● **Problem to work on**: Among the entries below, only the lines starting at the one with "Brioni Brioni Mens" and ending at the one with "Domineering Men's Trend", both included, are to be printed exactly.

● **Raw data**:

________________

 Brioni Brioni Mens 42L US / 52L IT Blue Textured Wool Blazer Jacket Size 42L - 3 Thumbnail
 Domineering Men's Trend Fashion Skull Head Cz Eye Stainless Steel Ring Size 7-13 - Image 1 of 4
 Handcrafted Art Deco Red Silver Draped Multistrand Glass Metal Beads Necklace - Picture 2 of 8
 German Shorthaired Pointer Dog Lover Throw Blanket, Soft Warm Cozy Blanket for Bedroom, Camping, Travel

________________

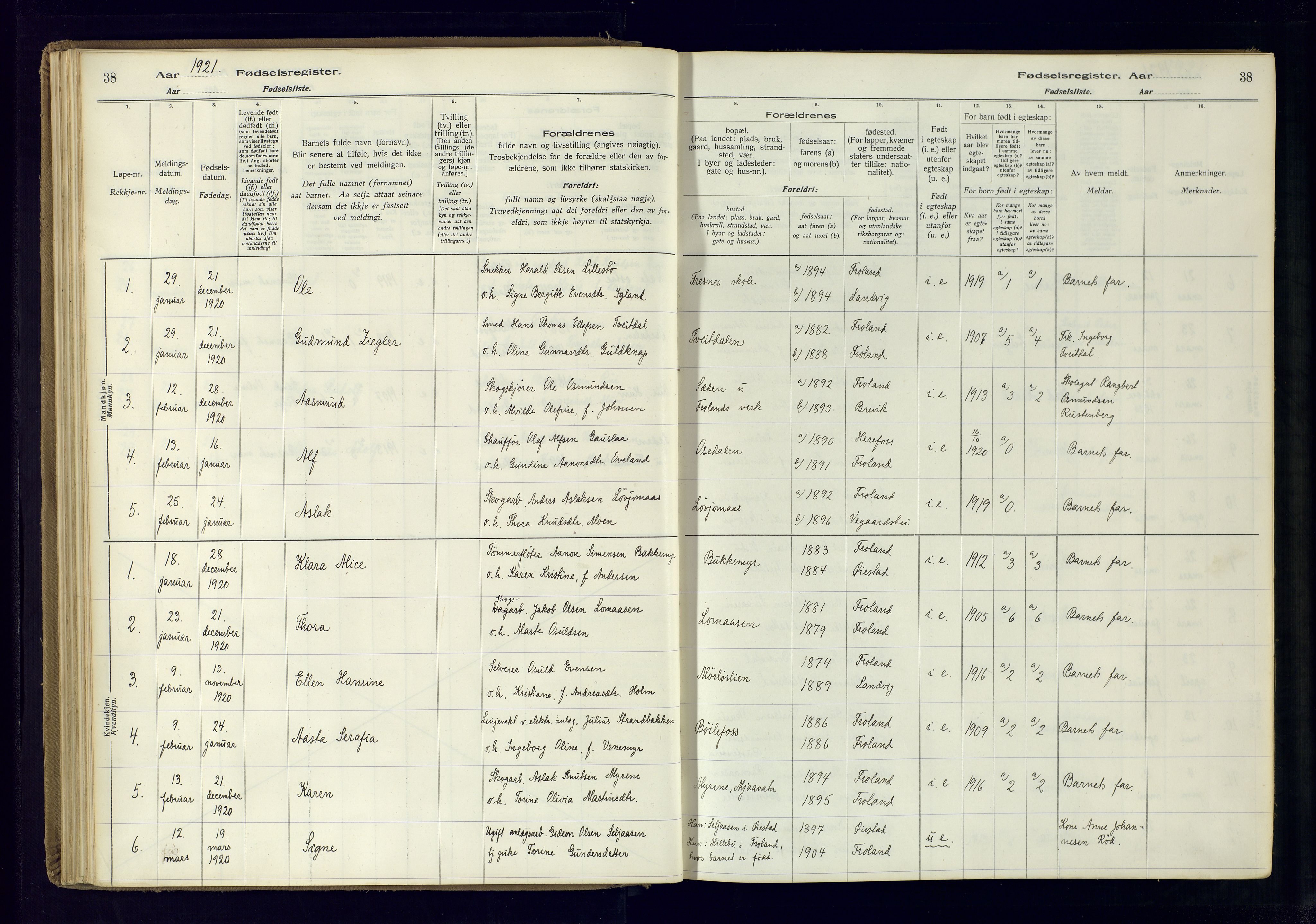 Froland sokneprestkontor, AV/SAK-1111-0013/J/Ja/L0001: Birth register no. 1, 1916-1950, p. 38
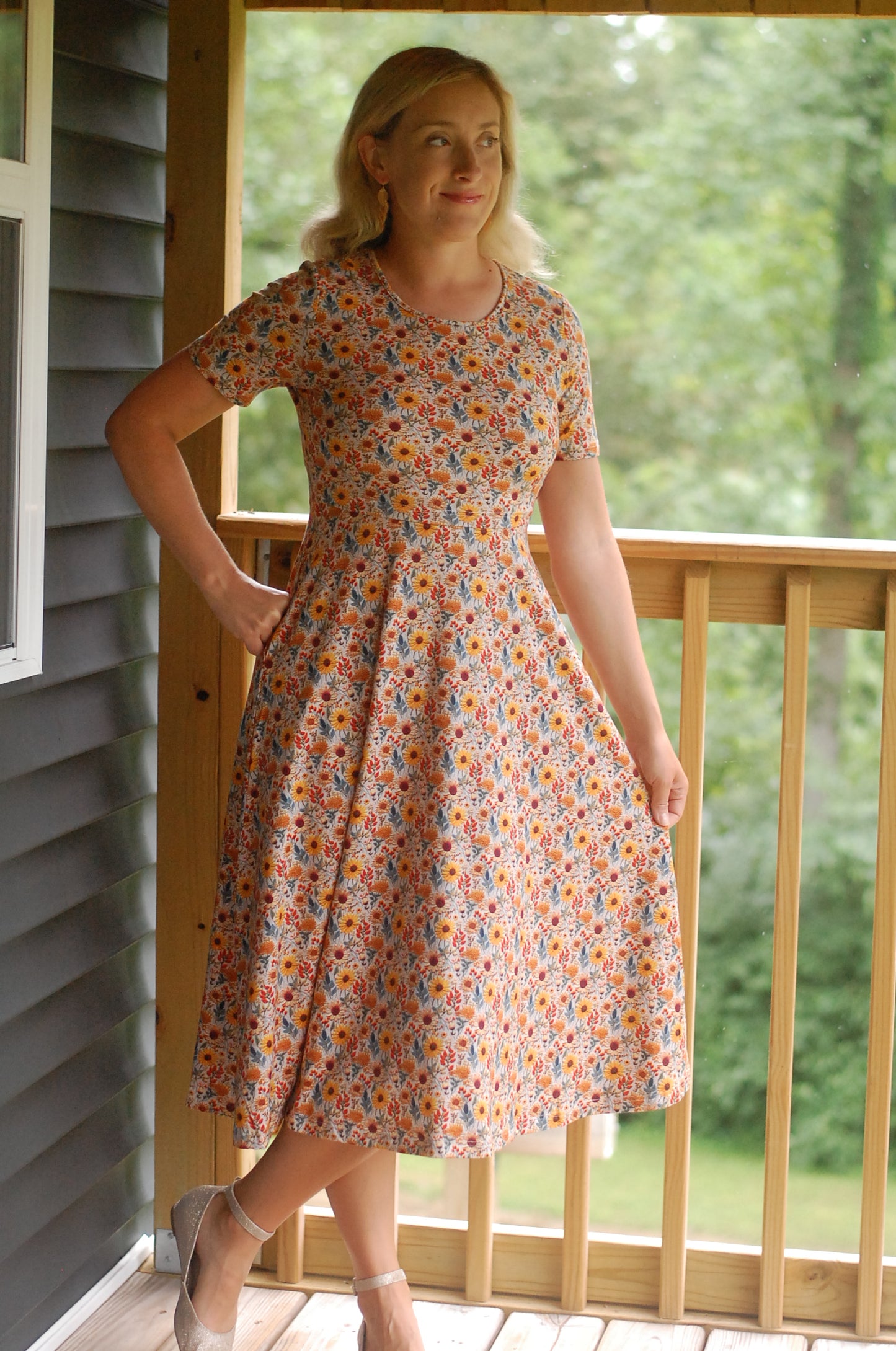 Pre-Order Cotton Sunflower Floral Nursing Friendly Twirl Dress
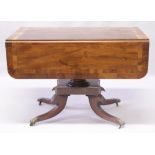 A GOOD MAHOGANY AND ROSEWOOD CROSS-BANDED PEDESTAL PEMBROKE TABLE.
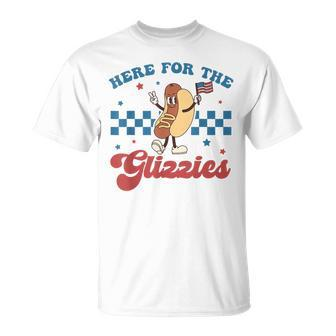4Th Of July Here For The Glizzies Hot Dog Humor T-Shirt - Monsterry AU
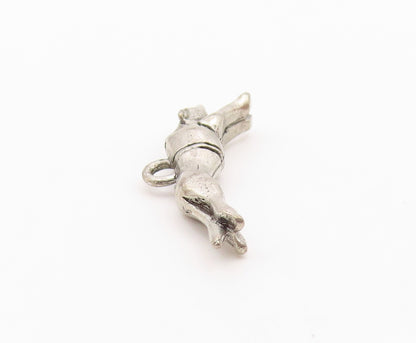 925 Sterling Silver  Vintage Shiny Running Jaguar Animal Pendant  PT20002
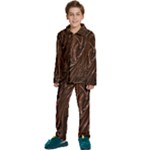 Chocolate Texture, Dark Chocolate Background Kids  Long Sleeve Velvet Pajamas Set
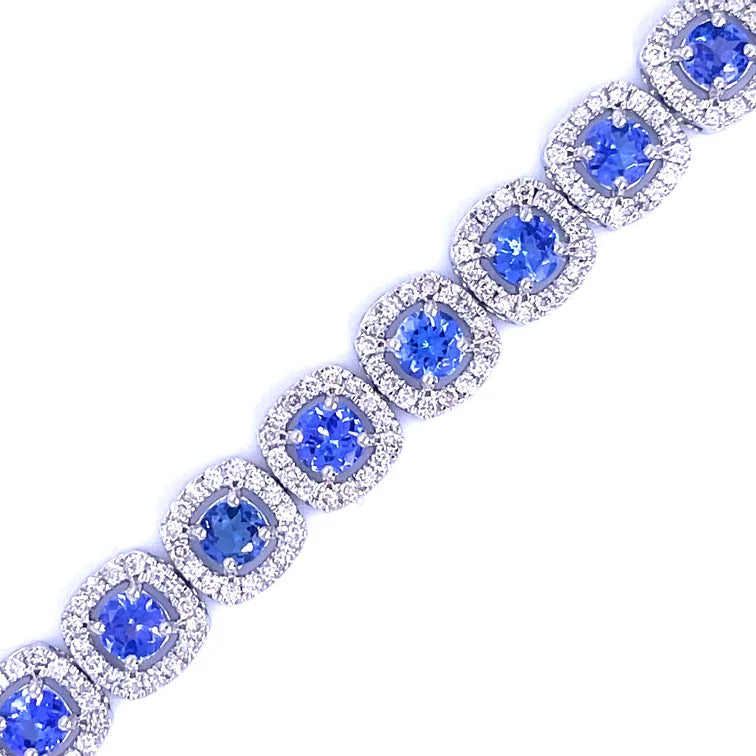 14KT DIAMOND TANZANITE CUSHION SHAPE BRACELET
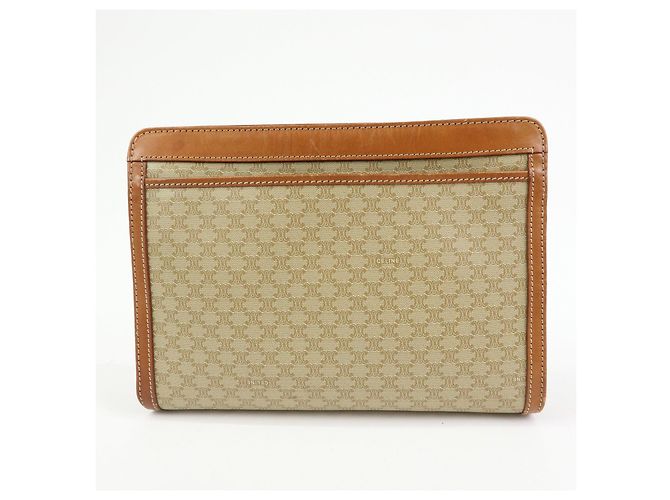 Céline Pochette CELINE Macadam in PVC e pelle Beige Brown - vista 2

________________

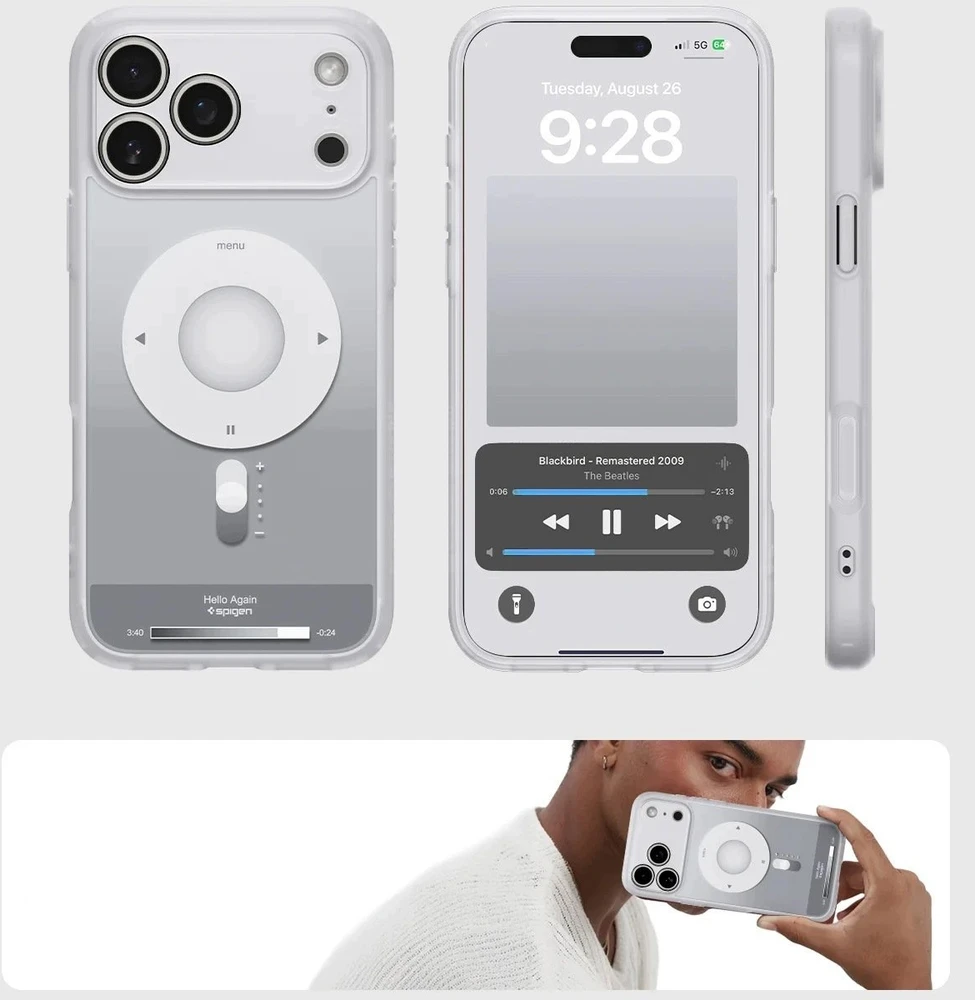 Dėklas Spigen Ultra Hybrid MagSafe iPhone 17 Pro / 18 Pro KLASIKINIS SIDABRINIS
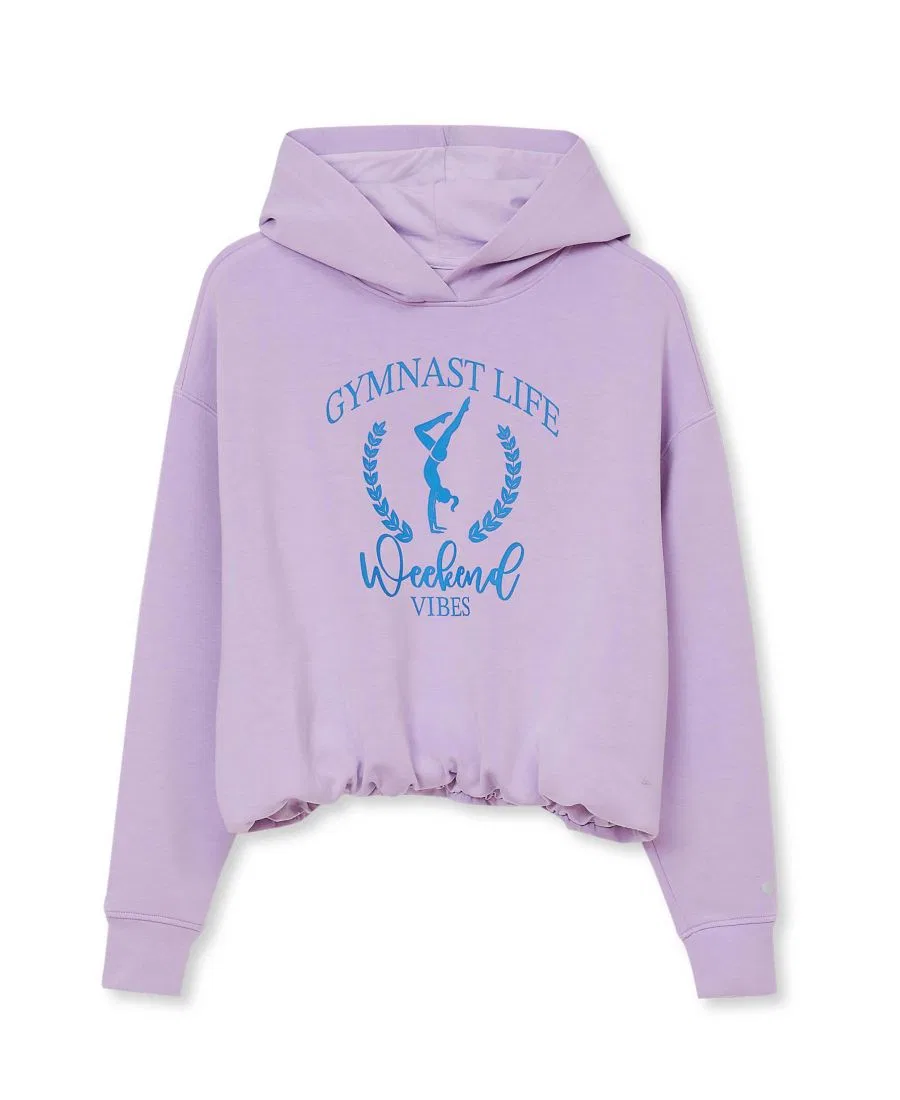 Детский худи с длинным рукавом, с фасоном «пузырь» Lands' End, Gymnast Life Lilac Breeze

________________

● **Final answer**:
 Brioni Brioni Mens 42L US / 52L IT Blue Textured Wool Blazer Jacket Size 42L - 3 Thumbnail
 Domineering Men's Trend Fashion Skull Head Cz Eye Stainless Steel Ring Size 7-13 - Image 1 of 4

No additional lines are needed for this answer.